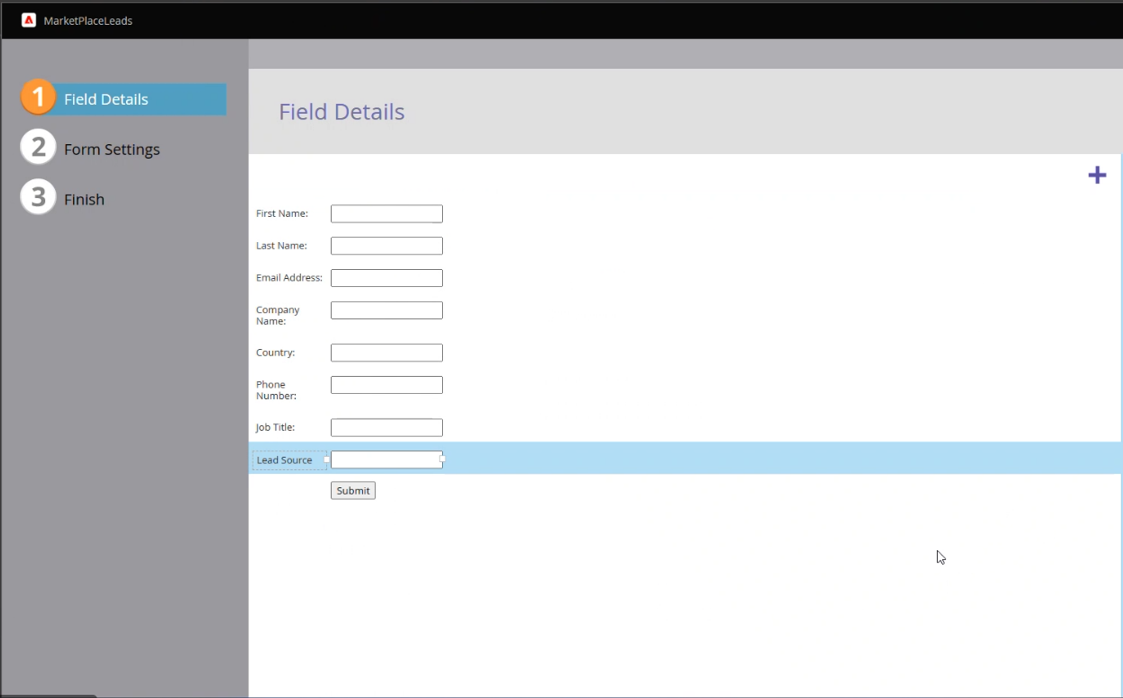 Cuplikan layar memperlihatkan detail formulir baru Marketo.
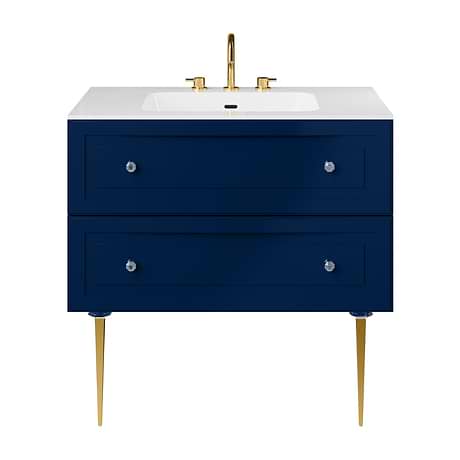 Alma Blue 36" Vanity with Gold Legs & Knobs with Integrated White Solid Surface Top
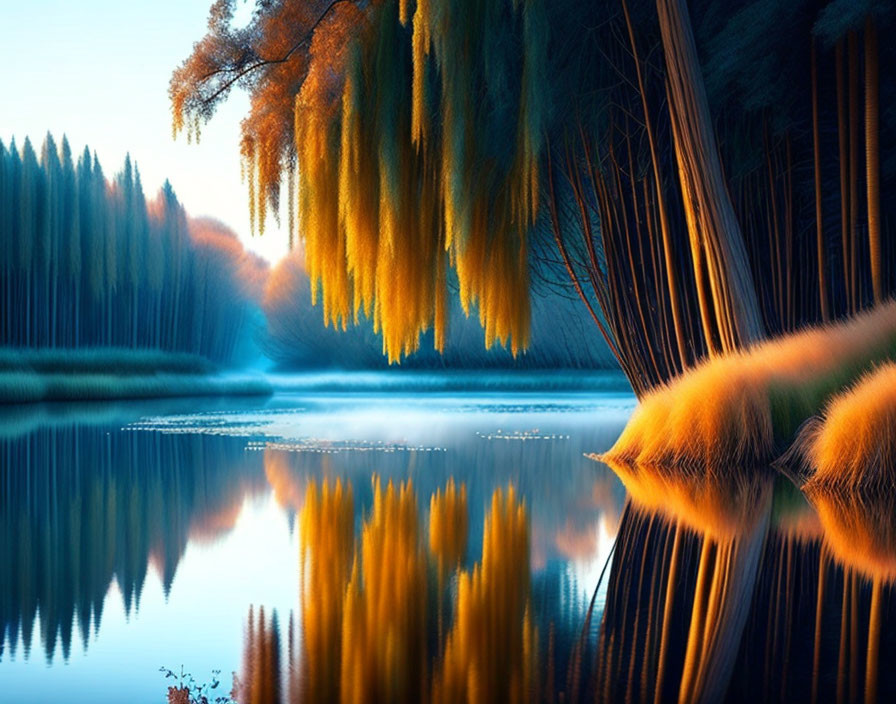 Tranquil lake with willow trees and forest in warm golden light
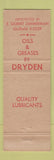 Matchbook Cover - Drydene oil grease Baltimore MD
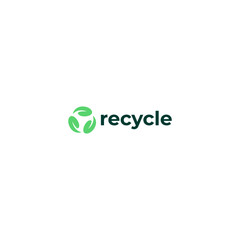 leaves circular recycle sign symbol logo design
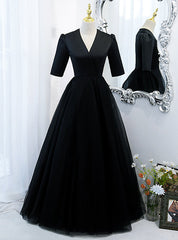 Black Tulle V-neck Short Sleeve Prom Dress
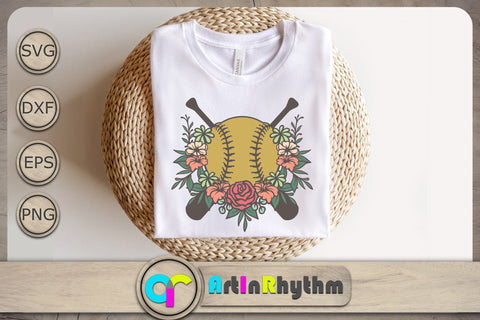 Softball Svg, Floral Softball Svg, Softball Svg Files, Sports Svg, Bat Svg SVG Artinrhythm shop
====
■ **Work required**: The answer should hold every line of the listing, copied exactly, with no pictures.

■ **Answer area**:
 Cuplikan layar memperlihatkan detail formulir baru Marketo.
 Alma Blue 36" Vanity with Gold Legs & Knobs with Integrated White Solid Surface Top
 Tranquil lake with willow trees and forest in warm golden light
 Matchbook Cover - Drydene oil grease Baltimore MD
 leaves circular recycle sign symbol logo design
 Black Tulle V-neck Short Sleeve Prom Dress
 Softball Svg, Floral Softball Svg, Softball Svg Files, Sports Svg, Bat Svg SVG Artinrhythm shop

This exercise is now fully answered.